Zero or more blobstores can be configured in the configuration file to store tiles at different locations and on different storage back-ends. One of the configured blobstores will be the default one. Meaning that it will be used to store the tiles of every layer whose configuration does not explicitly indicate which blobstore shall be used.

Note

there will always be a “default” blobstore. If a blobstore to be used by default is not explicitly configured, one will be created automatically following the legacy cache location lookup mechanism used in versions prior to 1.8.0.

Configuration File

The location of the configuration file, geowebcache.xml, will be defined by the GEOWEBCACHE_CACHE_DIR application argument.

There are a few ways to define this argument:

  • JVM system environment variable
  • Servlet context parameteter
  • Operating system environment variable

The variable in all cases is defined as GEOWEBCACHE_CACHE_DIR.

To set as a JVM system environment variable, add the parameter -DGEOWEBCACHE_CACHE_DIR=<path> to your servlet startup script. In Tomcat, this can be added to the Java Options (JAVA_OPTS) variable in the startup script.

To set as a servlet context parameter, edit the GeoWebCache web.xml file and add the following code:

<context-param>
  <param-name>GEOWEBCACHE_CACHE_DIR</param-name>
  <param-value>PATH</param-value>
</context-param>

where PATH is the location of the cache directory.

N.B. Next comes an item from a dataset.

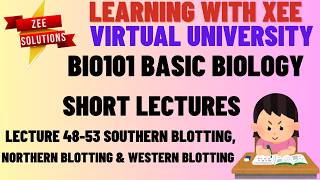BIO101 Basic Biology Lecture 48 - 53 Southern blotting, Northern blotting & Western blotting VU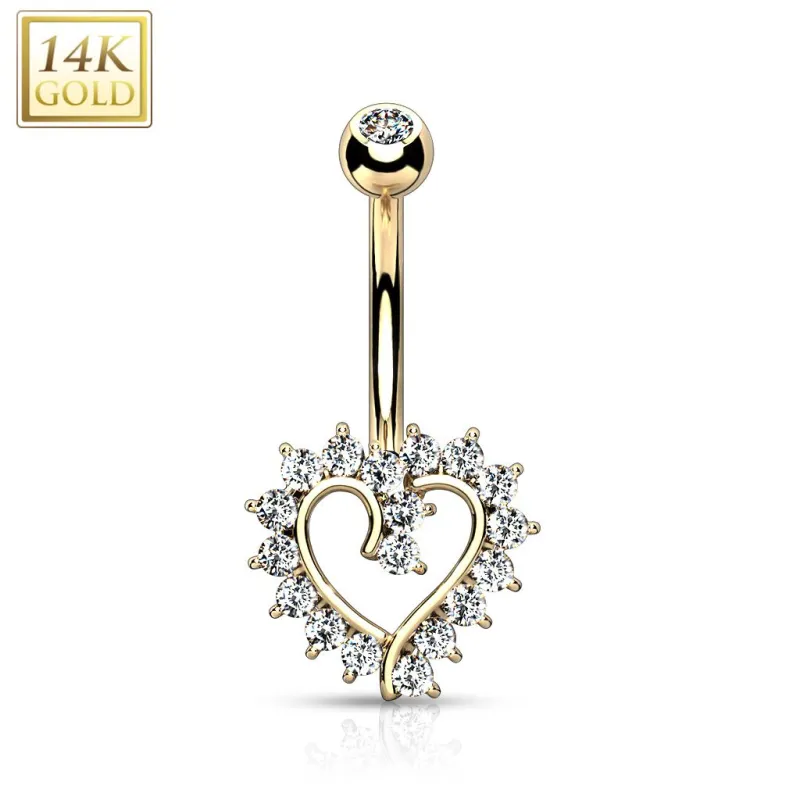 Piercing nombril Or jaune 14 carats coeur élégant strass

To set as an operating system environment variable, run one of the the following commands:

Windows:

> set GEOWEBCACHE_CACHE_DIR=<path>

Linux/OS X:

$ export GEOWEBCACHE_CACHE_DIR=<path>

Finally, although not recommended, it is possible to set this location directly in the geowebcache-core-context.xml file. Uncomment this code:

<!-- bean id="gwcBlobStore" class="org.geowebcache.storage.blobstore.file.FileBlobStore" destroy-method="destroy">
  <constructor-arg value="/tmp/gwc_blobstore" />
</bean -->

making sure to edit the path. As usual, any changes to the servlet configuration files will require Reloading Configuration.

Note

if GEOWEBCACHE_CACHE_DIR is not provided by any of the above mentioned methods, the directory will default to the temporary storage folder specified by the web application container. (For Tomcat, this is the temp directory inside the root.) The directory created will be called geowebcache. If this directory is not available, GeoWebCache will attempt to create a new geowebcache directory in the location specified by the TEMP system environment variable. It is highly recommended to explicitly define the location of the configuration/cache directory.

BlobStore configuration

A basic installation does not require to configure a blobstore. One will be created automatically following the same cache location lookup mechanism as for versions prior to 1.8.0, meaning that a file blobstore will be used at the directory defined by the GEOWEBCACHE_CACHE_DIR application argument.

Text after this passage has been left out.